Once a core plug has been properly cleaned and centrifuged, the sample is loaded into a permeameter for testing. Testing is conducted at reservoir temperature and elevated pressure to approach downhole conditions. Humidified nitrogen is flowed through the core plug in the production direction at reservoir temperature and increased pressures to establish a baseline permeability. Once a filter cake is deposited, overbalance pressure is applied for a predetermined period, during which filtration data are collected and recorded. Following the test fluid exposure phase, permeability is reestablished in much the same way as for the initial permeability phase.

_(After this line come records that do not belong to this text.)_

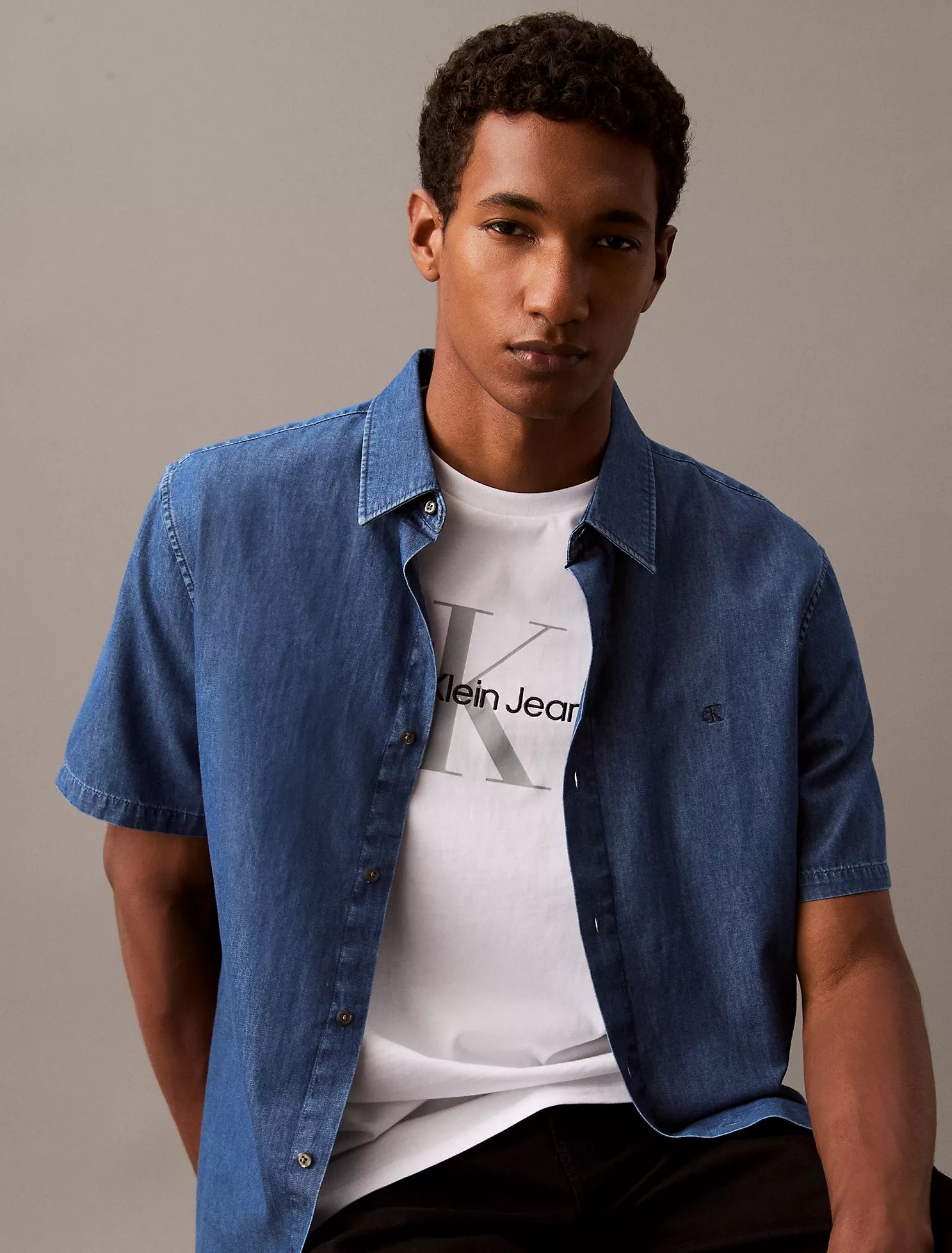 Light Chambray Short Sleeve Shirt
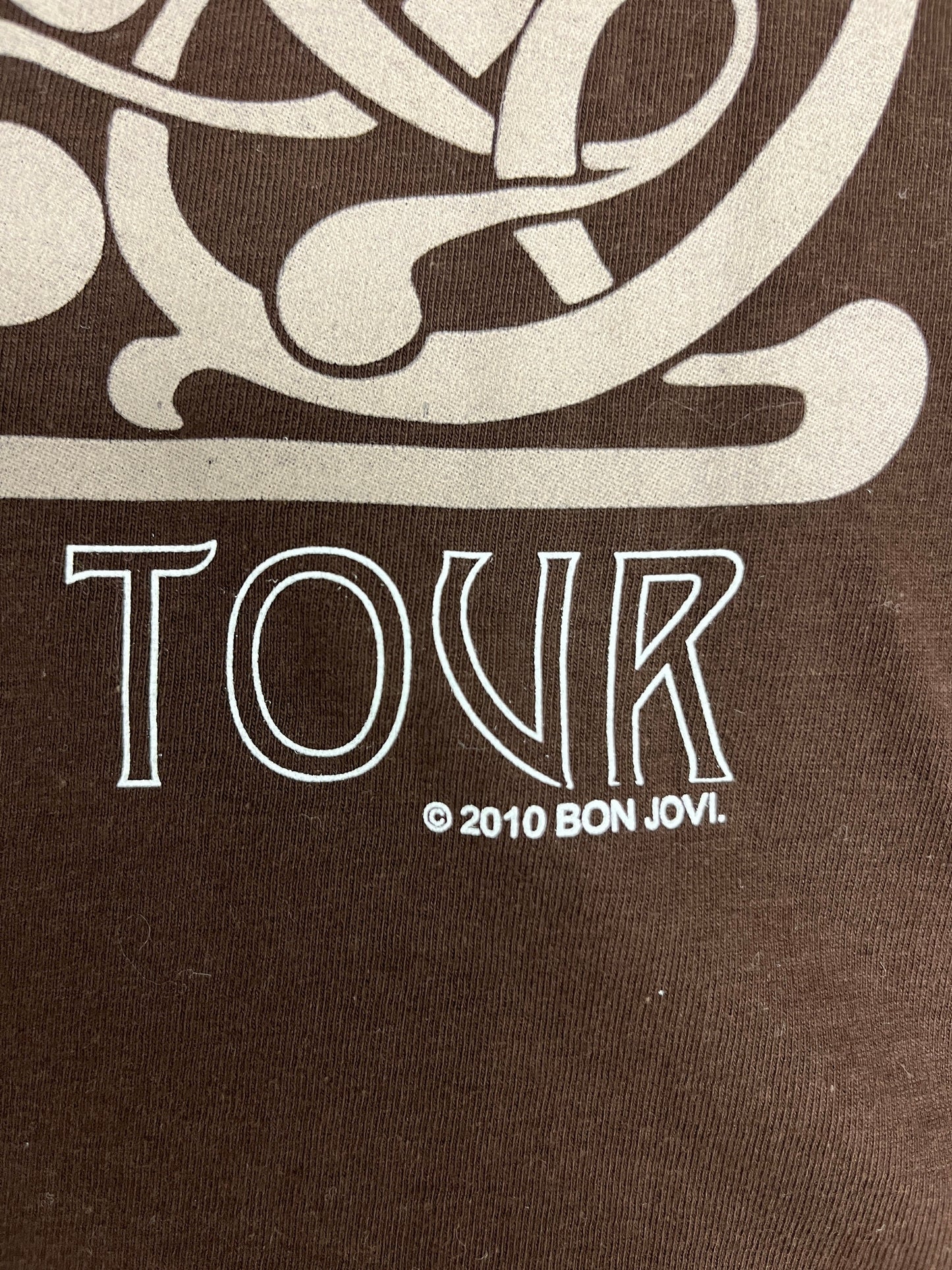 Bon Jovi The Circle Tour Graphic Tee | Size Medium | Vintage 2000s Rock Band Music Promotional Brown T-Shirt |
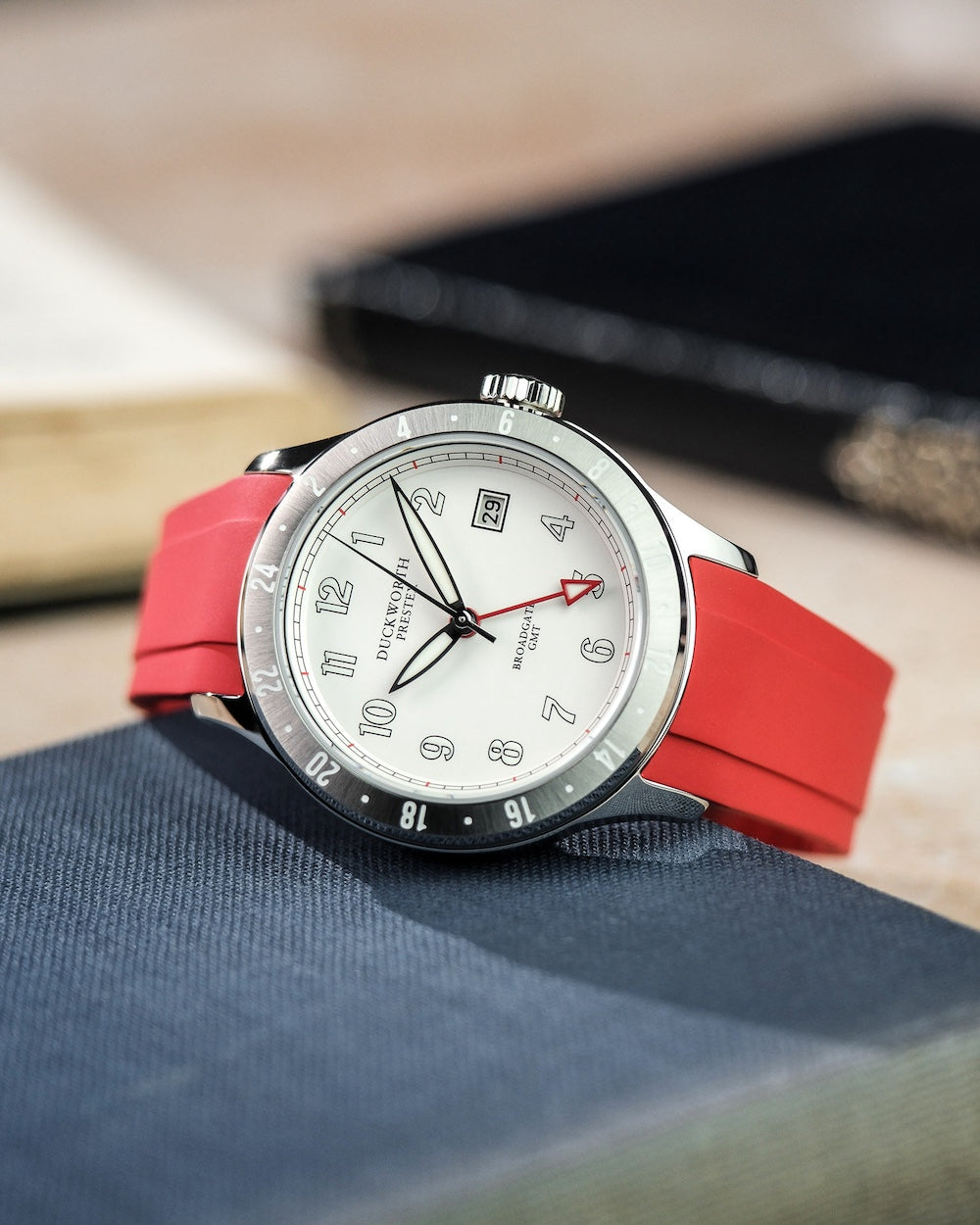 Duckworth Prestex Broadgate GMT White Red Rubber Watch D760-02-RR Image 2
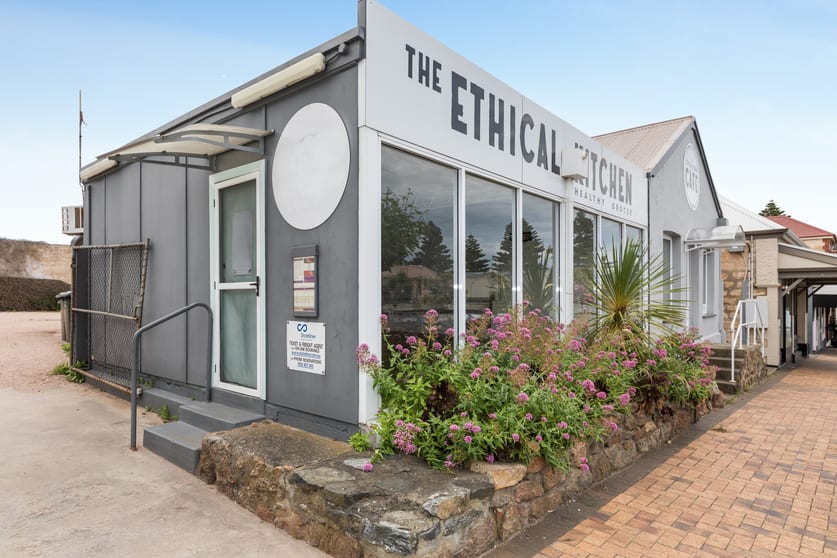 Click to view all images 20-22 Lewis Street Port Lincoln SA 5606 - Image 2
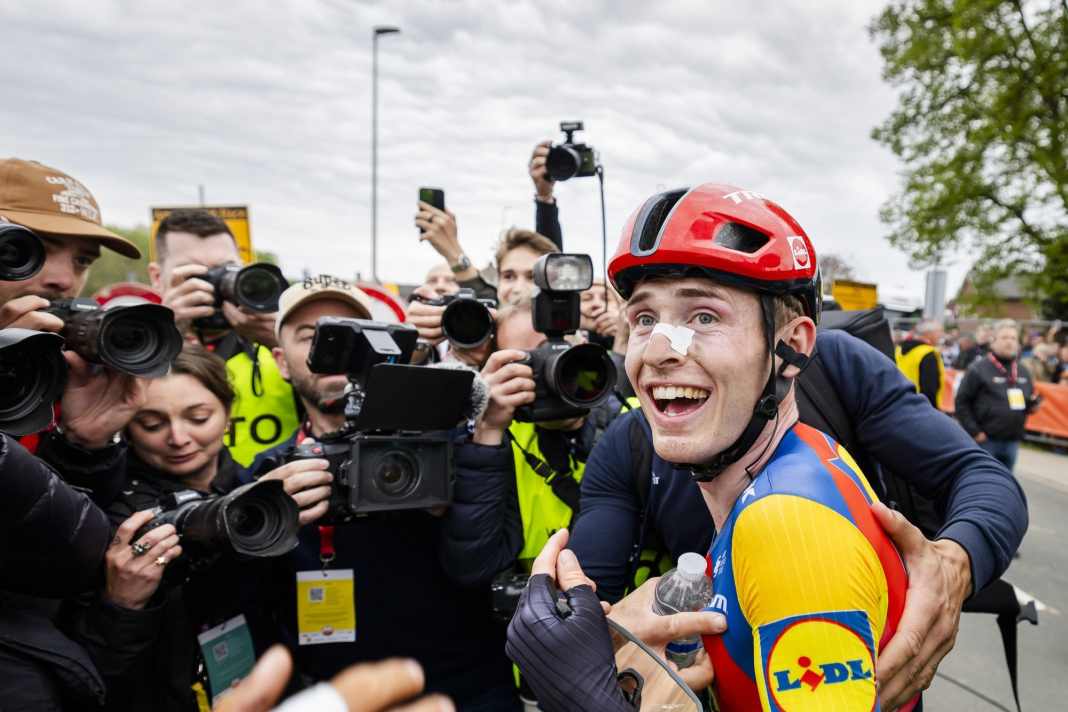 Fotofinish! Skjelmose düpiert Pogačar und Evenepoel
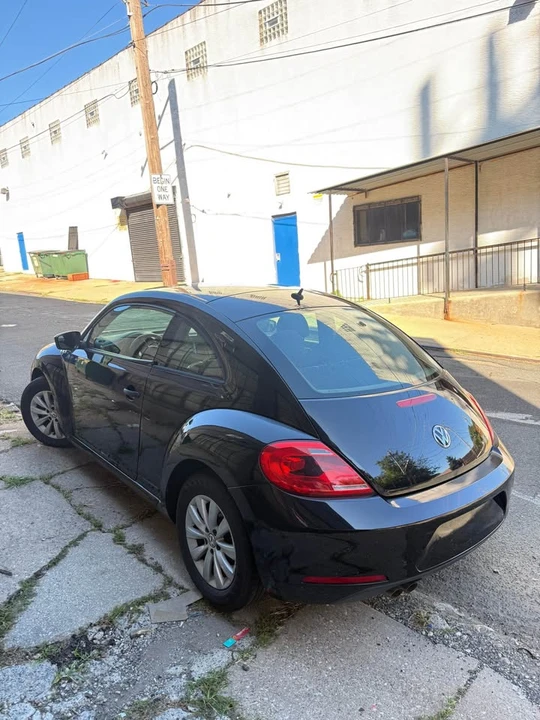 2014 Volkswagen A5 Beetle - Image 6 of 12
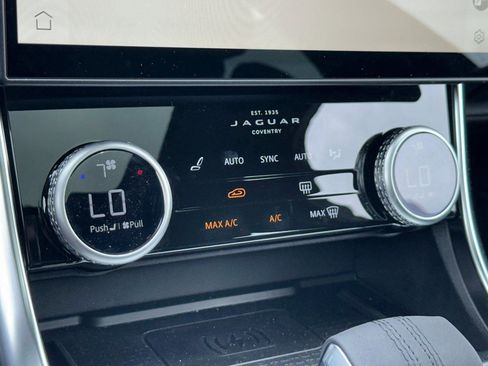 New 2024 Jaguar XF R-Dynamic SE AWD/4WD image 19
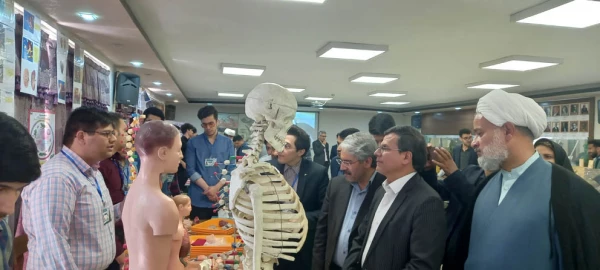 برگزاری نمایشگاه و کارگاه روز جهانی تنوع زیستی در پردیس شهید باهنر اصفهان 117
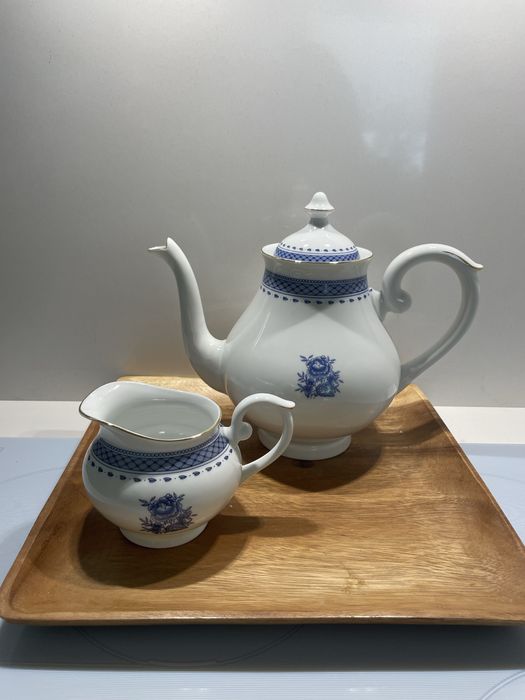 Bule e leiteira modelo antigo Cozinha Velha Vista Alegre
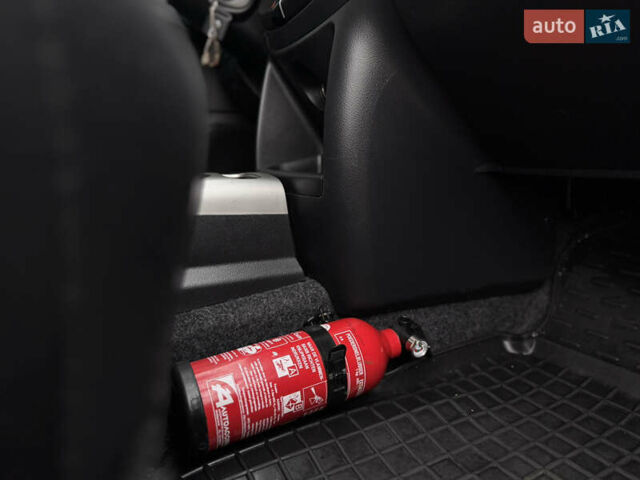 Червоний Ніссан Ноут, об'ємом двигуна 1.46 л та пробігом 236 тис. км за 6100 $, фото 28 на Automoto.ua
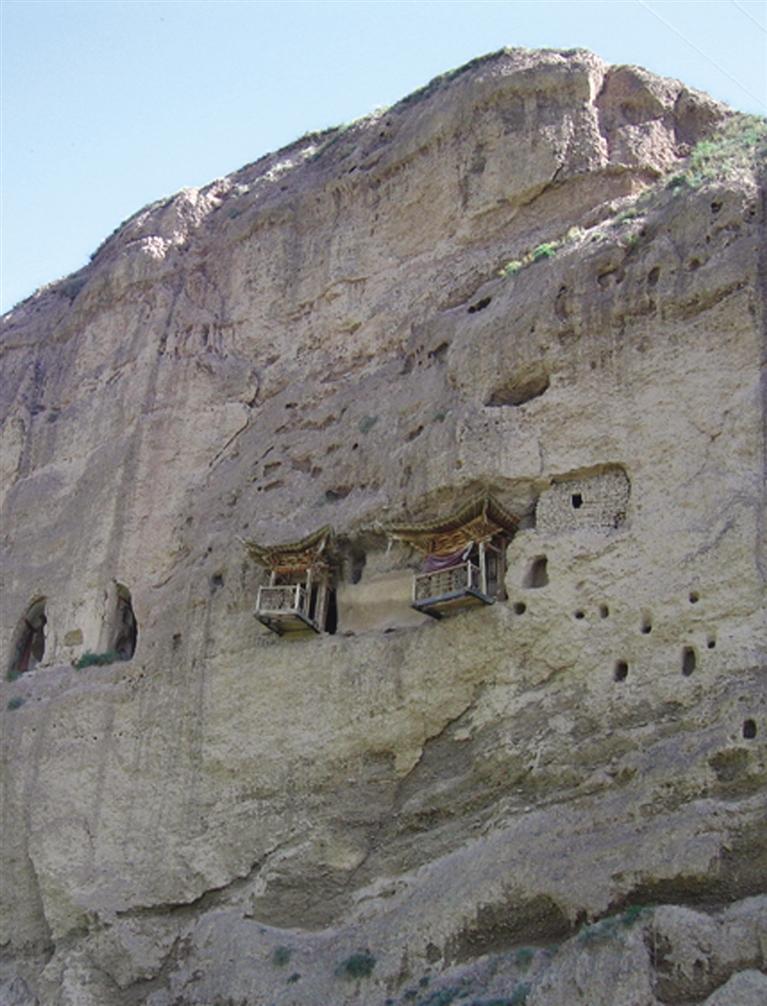 悬崖上的石窟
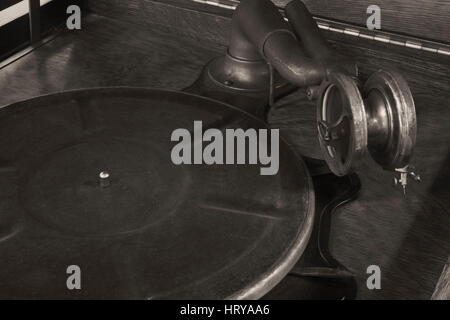 Antique Gramophone Phonograph 5 - Vintage Gramophone Phonograph Closeup With Turntable and Needle Stock Photo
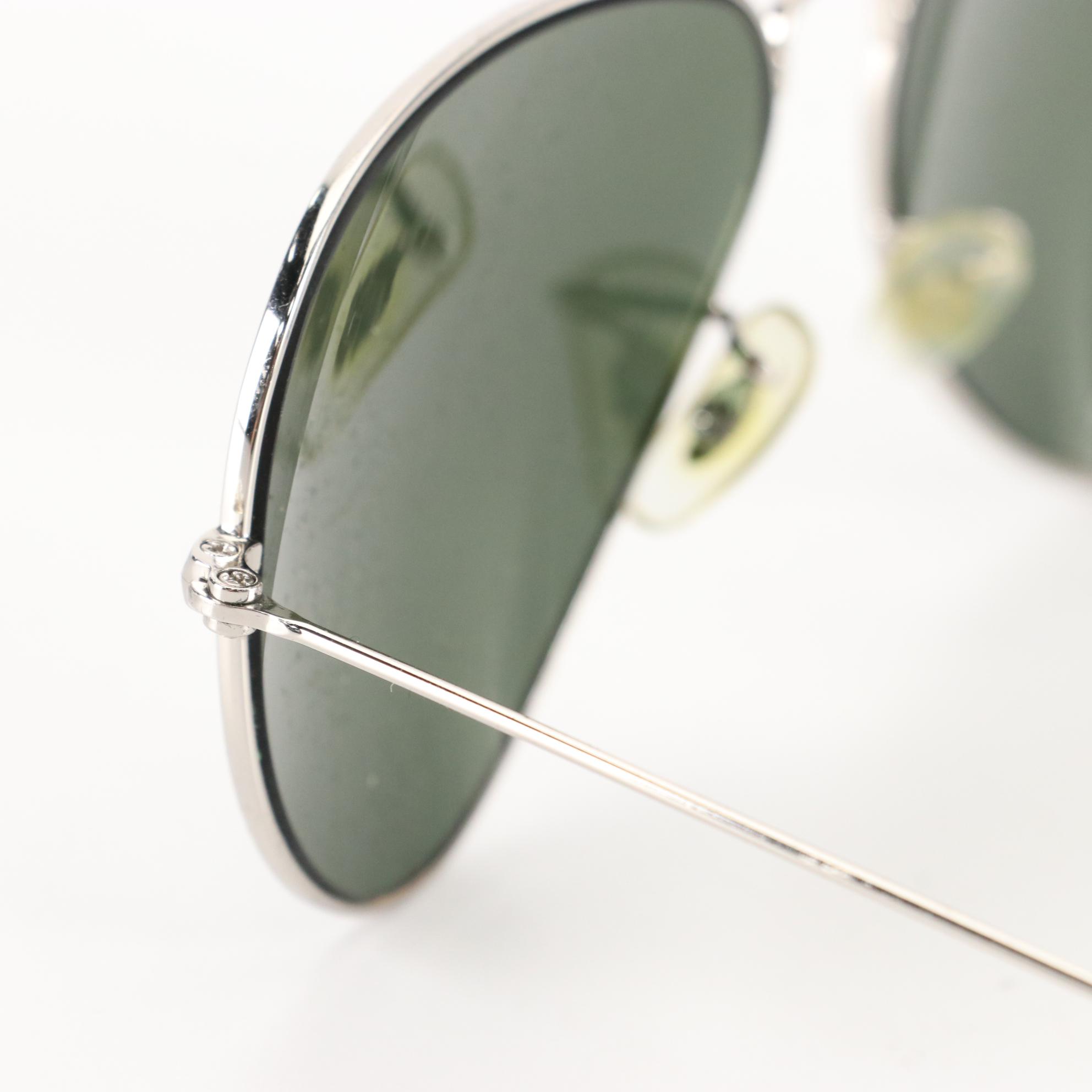 Ray-Ban RB3025 Large Metal Aviator Mirror Finish Sunglasses with Case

Flow initiation pressure refers to the pressure required to initiate flow of gas or fluid through the reservoir rock after RDF exposure. Flow initiation pressure, which is calculated by subtracting the stable pressure from the maximum pressure when determining the final permeability, is recorded, with this data possibly indicating damage. Reductions in regained permeability often are associated with higher flow initiation pressures. Filtration values also can provide a clear indication of the extent of damage since higher fluid loss often is associated with lower regained permeability in tight gas reservoirs. All test results contribute to the overall interpretation of formation damage, but the most telling clue is the percent of regained permeability.

After vacuuming core plugs, pores are more visible and mostly clean of dust. Individual grains are clearly seen.

In one case study, test examples showed cores with higher filtration of around 12.8 mL, 204% pore volume having significantly lower regained permeability that cor- responded with a greater reduction in regained permeability by as much as 19.6%. The core samples with much lower filtration demonstrated high return permeability. Cases where return permeability values are >100% are most likely a result of reduced water saturations in the latter stages of the test. This is particularly true in tests conducted at very high temperatures where the core is more likely to "dry out." This effect is diminished in cores that have been centrifuged.

The tight fracture and pore spaces that become more saturated with water develop strong capillary forces that cannot be overcome easily. Situations such as this result in phase trapping. In many cases, the reservoir becomes permanently damaged with fluid invasion into the wellbore face, thereby reinforcing the critical need to use all available technology and procedures to minimize invasion at the onset.